Here’s the thing about access, it’s not just about having the tools. It's about having the skills to use them, the literacy to navigate them, the safety to participate in them, and the structural support to survive them. My blog lives in this tension. On the surface, the tools are free. Everyone can post. Everyone can join the conversation. But the dirty little secret of social media is that visibility, influence, and security are sold separately. Algorithmic favoritism, platform moderation failures, data harvesting. All of it disproportionately impacts those already marginalized. Access without equity isn’t empowerment. It’s exposure.

And if you need proof, just look at what's happening right now to people posting about Palestine. Entire accounts shadowbanned. Posts hidden. Engagement throttled into oblivion. Say the wrong thing—even if it’s just a call for basic human rights—and suddenly you’re ghosted by the algorithm itself. It’s the kind of censorship that comes with plausible deniability: no hard ban, no public statement, just a slow, silent erasure. A soft hand over the mouth. 

The lack of access to social media tools—and just as crucially, the lack of fair access to reach—isn’t just an inconvenience. It’s world-shaping. It decides whose lives are visible, whose suffering is acknowledged, whose movements gather momentum.

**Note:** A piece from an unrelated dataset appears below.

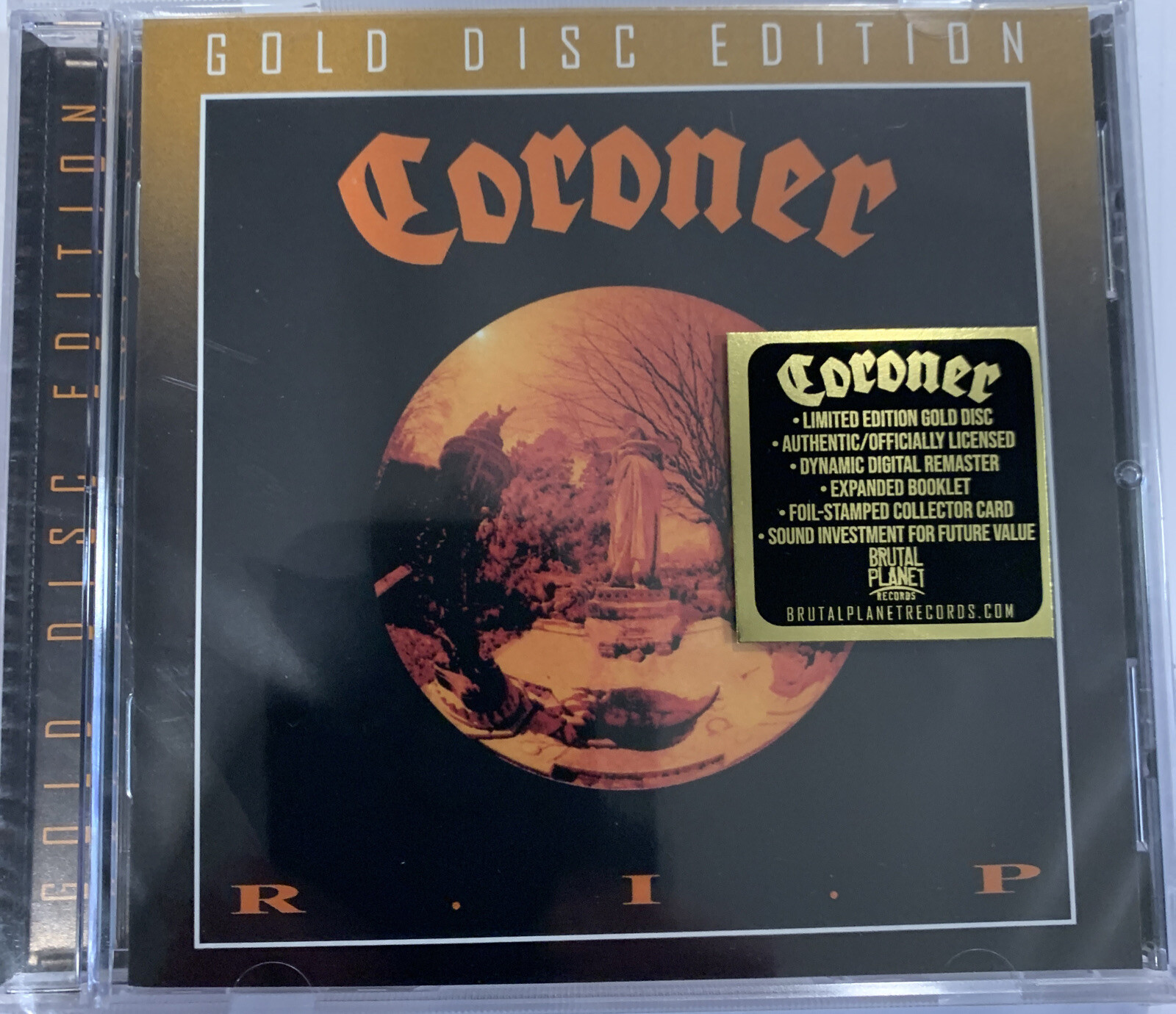 Coroner – R.I.P. CD 2022 Brutal Planet Records – BPCD 1606 [Gold Disc]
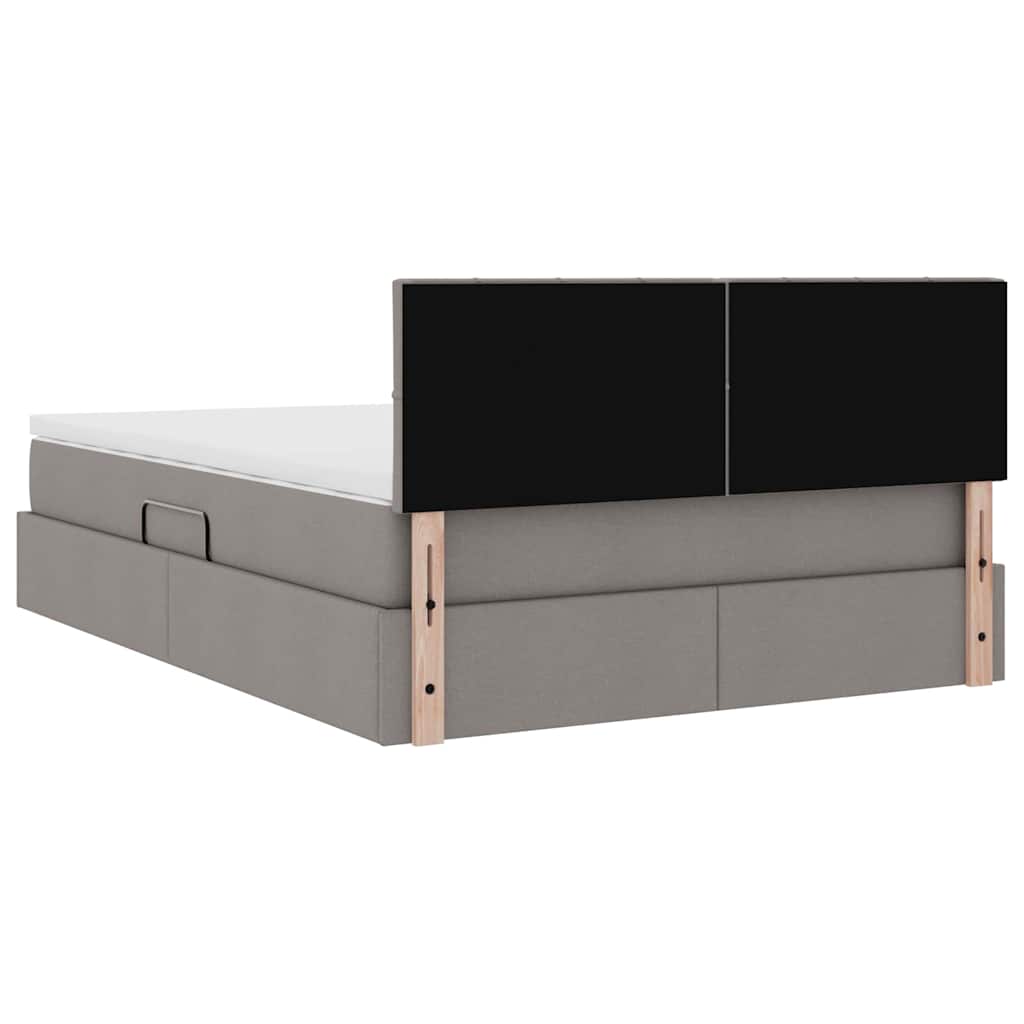 LED Κρεβάτι αποθήκευσης με στρώμα Taupe 140 x 190 cm Ύφασμα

Education? Good luck challenging the official narrative when your counterpoints are algorithmically buried. Business? Hope you weren’t planning to build a brand around activism. Language? Watch how “neutrality” becomes the new loyalty oath, enforced not by governments, but by content moderation bots.

We talk about “the digital divide” like it’s a sad little crack in the sidewalk when in reality it’s a canyon. On one side, the hyper-connected few remix reality in real time. On the other side, entire communities are rendered invisible. Unsearchable. Unheard.

And every time a tech giant trots out another initiative to "connect the unconnected," I can’t help but wonder if they are liberating or extracting?

Access isn’t a finish line. It's a first step. And until we start treating digital equity as seriously as we treat quarterly earnings calls, the future will belong to whoever can afford to own it, code it, brand it, and then sell it back to the rest of us at a premium.

But don't worry, the marketing team’s got it covered—a smiling Black woman with an iPad, posed just right in a zip code where her mortgage application never makes it past underwriting.